With the clock ticking against the two businessmen, in stepped their longtime partner — Sault Chippewa Chairman Bernard Bouschor.
Under Bouschor’s direction, the tribe, which already owned 50 percent of the casino project, opted to buy out Gatzaros and Papas. The tribal chairman and the Detroit businessmen have a longstanding relationship, dating to 1987 when they began working together to get a Detroit casino.
Sault Chippewa tribal members who are footing the bill are not allowed to know why the tribal leadership gave the Greeks a 40-percent stake in the casino deal in the first place or why the tribe paid so much to buy them out. Bouschor reached the deal behind closed doors.
The Greektown Casino opened one year ago after Gatzaros and Papas reached a closed-door deal with Bouschor for the tribe to buy out their interest.
Ten percent of the Greektown Casino is owned by local black investors. The Greektown deal highlights one of the major concerns tribal members have about their government. They complain that leaders repeatedly hide or conceal details of business deals, leaving them in the dark about decisions that could affect not only their lives, but those of generations to come.

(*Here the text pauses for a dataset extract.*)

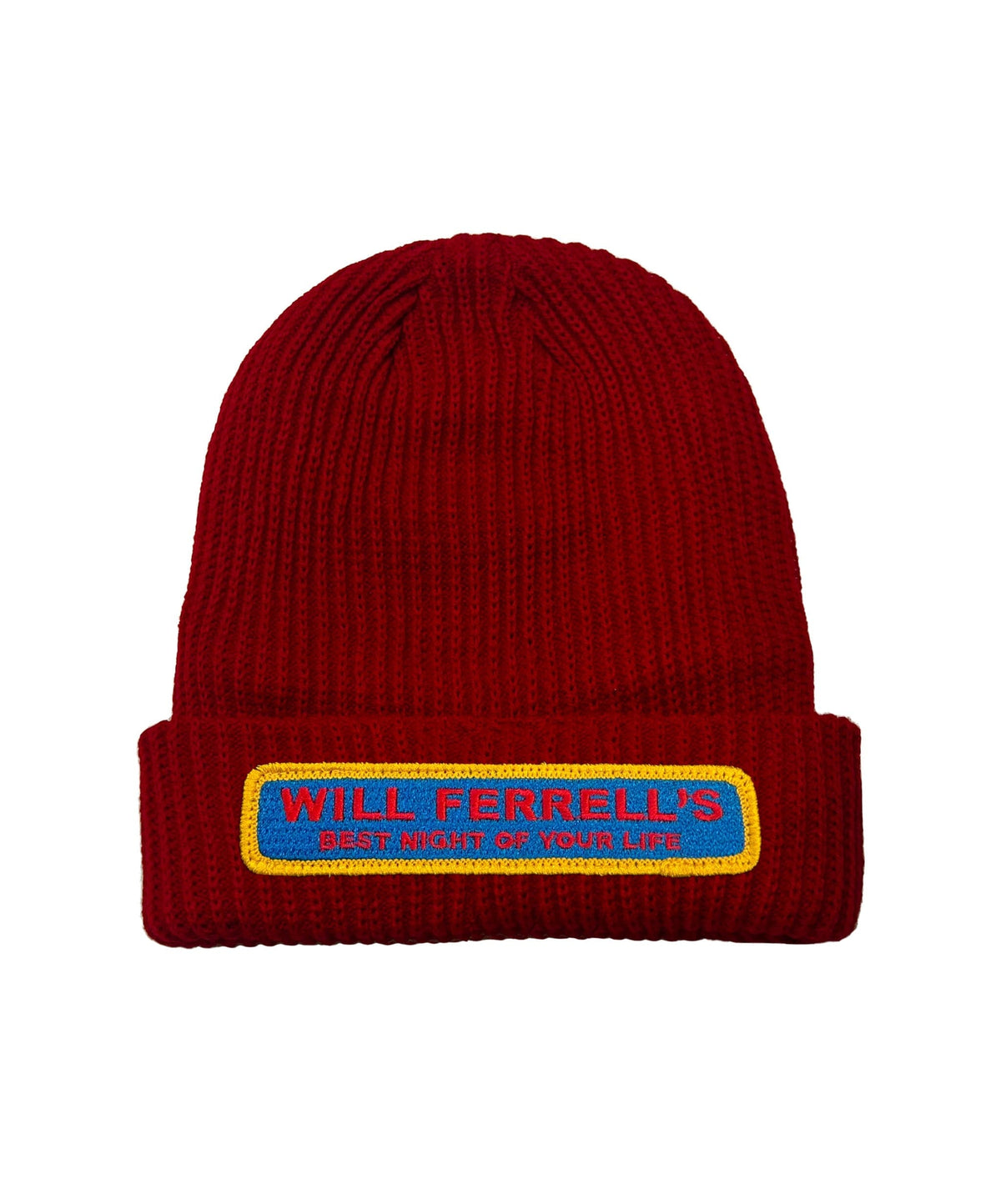 Retro WILL FERRELL 2023 RIB BEANIE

Bouschor says many details of the negotiations are proprietary and cannot be revealed. Not even, he says, to the people he represents.
Gatzaros and Papas too have refused to talk about the deal and their relationship with Bouschor.
Bouschor insists the tribe made the best deal it could. He said that when the deal was struck the tribe already had invested more than $240 million in the construction of the casino and couldn't afford any delays in its opening.
“We were building a project we wanted to open,” Bouschor said. “We had to make the choice, do we want further delays, or do we want to take some action in order to acquire that interest in that property in order to open?”
But tribal members say their leaders misspent millions of dollars of their money.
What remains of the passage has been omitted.